Phishing-Resistant MFA in 2025: Buyer’s Guide to NIST SP 800-63-4 & OMB M-22-09
October 16, 2025 by Trenton Thurber

TL;DR & Buyer Criteria
Phishing-resistant MFA in 2025 means origin-bound, cryptographic authentication that cannot be tricked by fake sites, relayed by adversary-in-the-middle (AiTM) proxies, or approved by “push fatigue”. Under NIST SP 800-63-4, AAL2 must offer a phishing-resistant option and AAL3 requires it with a non-exportable key. OMB M-22-09 requires phishing-resistant MFA for federal workforce access and makes it an option for public users.
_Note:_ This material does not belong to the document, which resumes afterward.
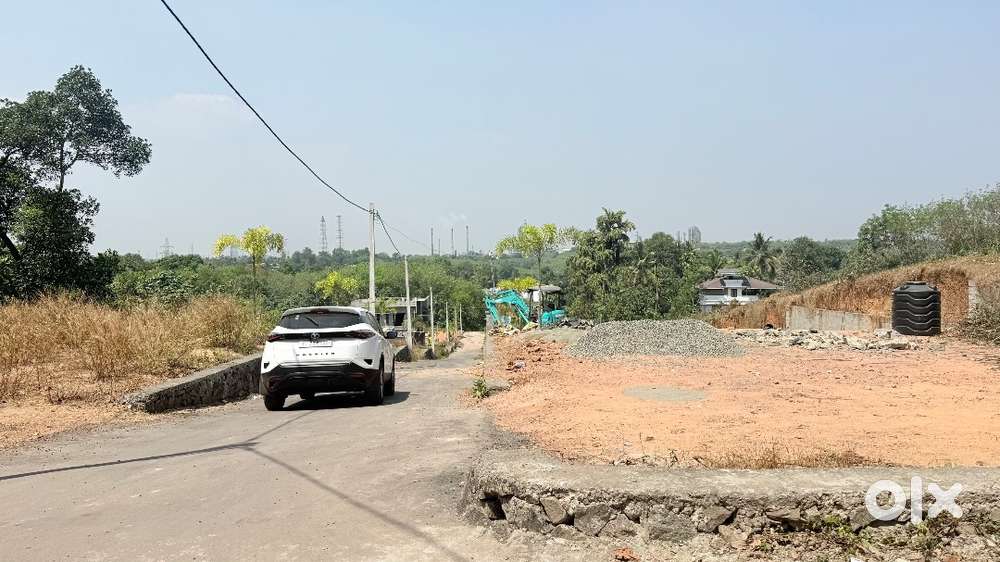 5-15 cents Premium House Plots with all facilities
Start where risk and ROI are highest: admins, remote access, and high-impact apps
Buyer checklist (quick hit)
Target AALs: Map apps to AAL2 (offer phishing-resistant) vs AAL3 (require phishing-resistant + non-exportable key)
Scope: Prioritize privileged access, cloud control planes, VPN/VDI, and customer portals with fraud exposure
Authenticator mix: Combine PIV/CAC (federal) and FIDO2/WebAuthn passkeys (platform or roaming keys) to cover workforce and public
Standards-aligned roll-out: Follow CISA and IDManagement.gov playbooks for project phasing, communications, and retirement of legacy factors
Useful deep dives while you read: Passwordless SSO for Web & Mobile Apps, Privileged Access Management with Passwordless, WWPass Key App, QR Code Authentication: How It Works
Standards & Policy Snapshot (2025)

NIST SP 800-63-4: what changed vs 63-3 (AALs, federation, passkeys)
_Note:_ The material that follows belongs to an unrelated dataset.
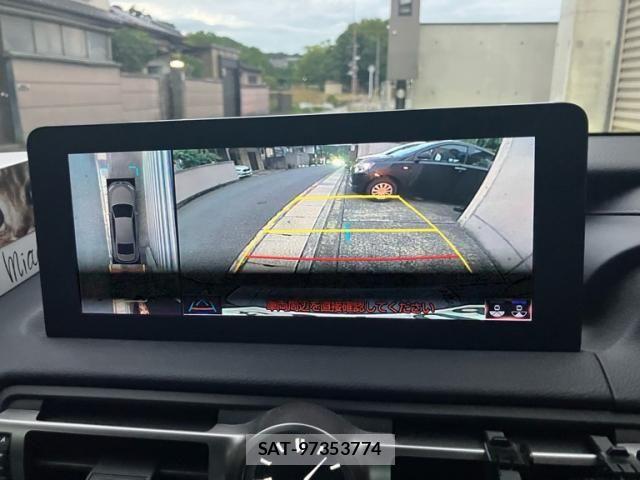 Lexus IS 2021-10 8659919-11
NIST’s 2025 revision is final and supersedes 63-3. At AAL2, verifiers must offer a phishing-resistant option; at AAL3, authentication requires a phishing-resistant authenticator with a non-exportable private key and explicit user-intent. It also adds requirements for syncable (multi-device) authenticators—critical for passkeys—and updates biometric performance and connected-authenticator guidance. Publication date: July 31, 2025.
Key buyer takeaways:
AAL2: Plan for a FIDO2/WebAuthn phishing-resistant option across apps, even if you still support other factors for some users.
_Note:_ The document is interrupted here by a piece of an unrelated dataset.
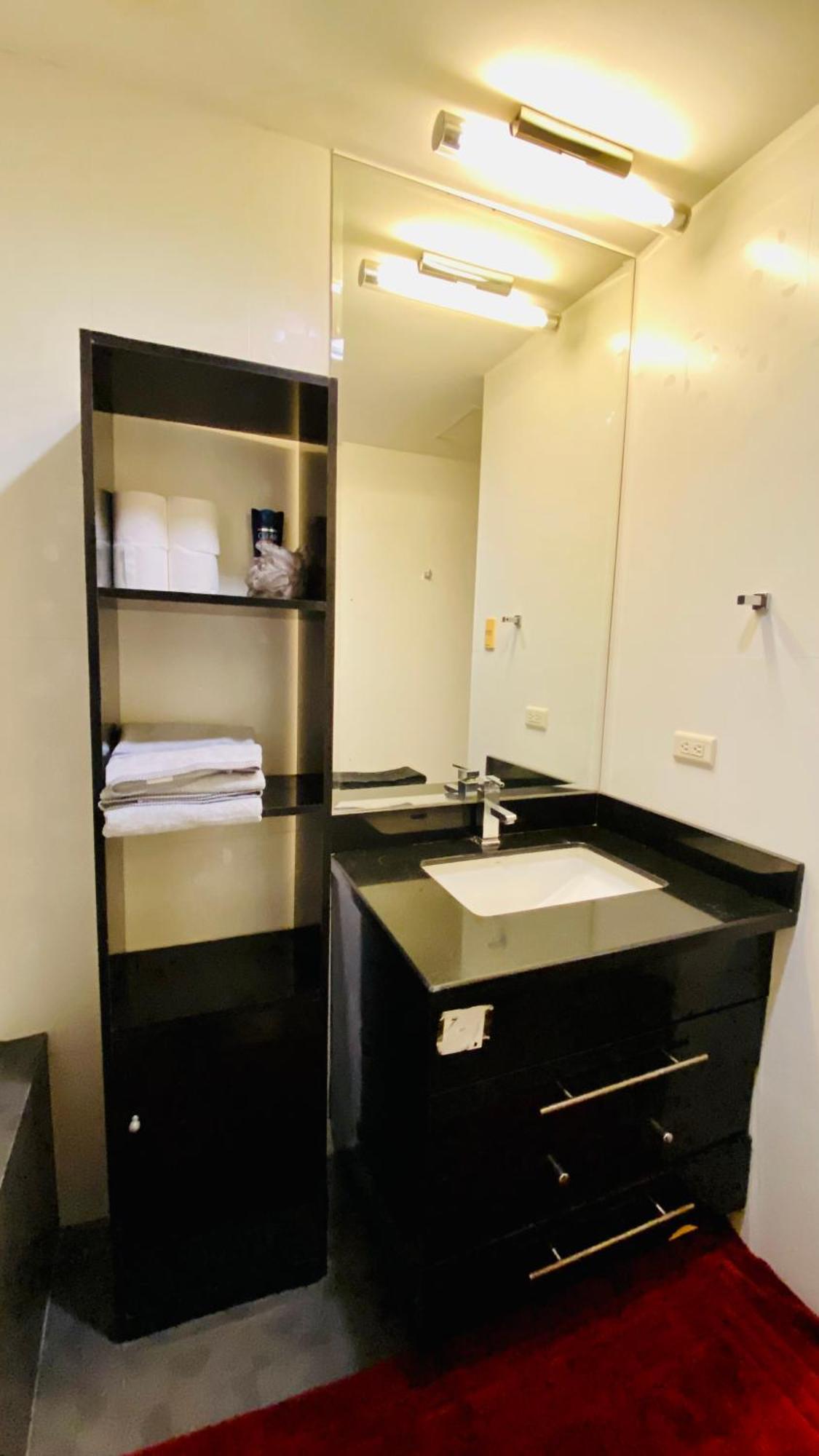 Beautiful And Spacious 2 Real Bedrooms 2 Bathrooms In Bgc Global Manila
AAL3: Use hardware-backed, non-exportable keys (e.g., smart cards, security keys, device hardware enclaves configured per NIST). Syncable passkeys aren’t permitted at AAL3.
Federation: 63-4 refines federation guidance; ensure your IdP asserts correct AALs and authenticator properties end-to-end.
OMB M-22-09: Zero Trust mandates & timelines for phishing-resistant MFA
OMB’s Federal Zero Trust memo requires phishing-resistant MFA for agency staff, contractors, and partners and provides it as an option for public users. Agencies must use enterprise-managed identities and enforce MFA at the application layer. These directives anchor agency roadmaps and procurement language.
Buyer takeaways:
Treat “phishing-resistant MFA” as table stakes for workforce apps.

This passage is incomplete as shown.